▼
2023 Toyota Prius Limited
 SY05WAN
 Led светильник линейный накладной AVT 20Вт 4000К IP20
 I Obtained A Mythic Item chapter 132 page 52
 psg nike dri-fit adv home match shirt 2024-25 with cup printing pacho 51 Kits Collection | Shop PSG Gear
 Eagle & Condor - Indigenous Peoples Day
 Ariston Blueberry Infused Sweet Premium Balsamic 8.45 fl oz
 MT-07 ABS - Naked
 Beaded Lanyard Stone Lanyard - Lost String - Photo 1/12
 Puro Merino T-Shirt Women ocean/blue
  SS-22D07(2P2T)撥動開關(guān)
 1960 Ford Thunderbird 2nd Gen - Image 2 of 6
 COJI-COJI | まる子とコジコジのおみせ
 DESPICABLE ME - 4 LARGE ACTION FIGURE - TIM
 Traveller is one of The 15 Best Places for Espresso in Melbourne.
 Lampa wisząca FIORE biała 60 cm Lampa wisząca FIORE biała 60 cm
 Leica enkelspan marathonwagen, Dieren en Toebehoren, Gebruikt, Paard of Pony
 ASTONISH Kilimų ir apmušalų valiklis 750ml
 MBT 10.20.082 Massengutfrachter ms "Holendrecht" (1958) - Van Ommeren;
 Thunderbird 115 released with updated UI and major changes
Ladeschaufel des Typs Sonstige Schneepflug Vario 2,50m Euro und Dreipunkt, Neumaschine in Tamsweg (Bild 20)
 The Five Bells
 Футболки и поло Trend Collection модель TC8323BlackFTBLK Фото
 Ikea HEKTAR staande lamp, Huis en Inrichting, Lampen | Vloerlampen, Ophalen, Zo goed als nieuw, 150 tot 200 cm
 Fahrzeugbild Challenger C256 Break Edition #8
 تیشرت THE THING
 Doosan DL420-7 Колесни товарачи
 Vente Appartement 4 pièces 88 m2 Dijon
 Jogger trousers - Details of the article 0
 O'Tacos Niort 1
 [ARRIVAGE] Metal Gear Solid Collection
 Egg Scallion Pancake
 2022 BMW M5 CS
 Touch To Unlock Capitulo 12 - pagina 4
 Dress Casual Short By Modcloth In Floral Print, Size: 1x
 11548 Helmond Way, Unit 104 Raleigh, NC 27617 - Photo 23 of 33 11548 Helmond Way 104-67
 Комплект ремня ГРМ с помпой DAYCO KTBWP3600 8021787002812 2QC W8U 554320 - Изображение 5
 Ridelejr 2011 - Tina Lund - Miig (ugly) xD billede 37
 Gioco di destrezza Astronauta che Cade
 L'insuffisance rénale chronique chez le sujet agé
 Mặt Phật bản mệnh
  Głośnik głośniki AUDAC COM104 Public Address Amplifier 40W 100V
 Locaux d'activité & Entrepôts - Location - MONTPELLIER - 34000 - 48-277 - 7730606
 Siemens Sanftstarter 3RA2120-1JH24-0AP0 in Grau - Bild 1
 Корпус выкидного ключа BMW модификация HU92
▲
● How to complete this task: The answer should hold only the lines from the start of the records above through the line containing "MT-07 ABS - Naked", each set down exactly.

● Result for this task:
2023 Toyota Prius Limited
 SY05WAN
 Led светильник линейный накладной AVT 20Вт 4000К IP20
 I Obtained A Mythic Item chapter 132 page 52
 psg nike dri-fit adv home match shirt 2024-25 with cup printing pacho 51 Kits Collection | Shop PSG Gear
 Eagle & Condor - Indigenous Peoples Day
 Ariston Blueberry Infused Sweet Premium Balsamic 8.45 fl oz
 MT-07 ABS - Naked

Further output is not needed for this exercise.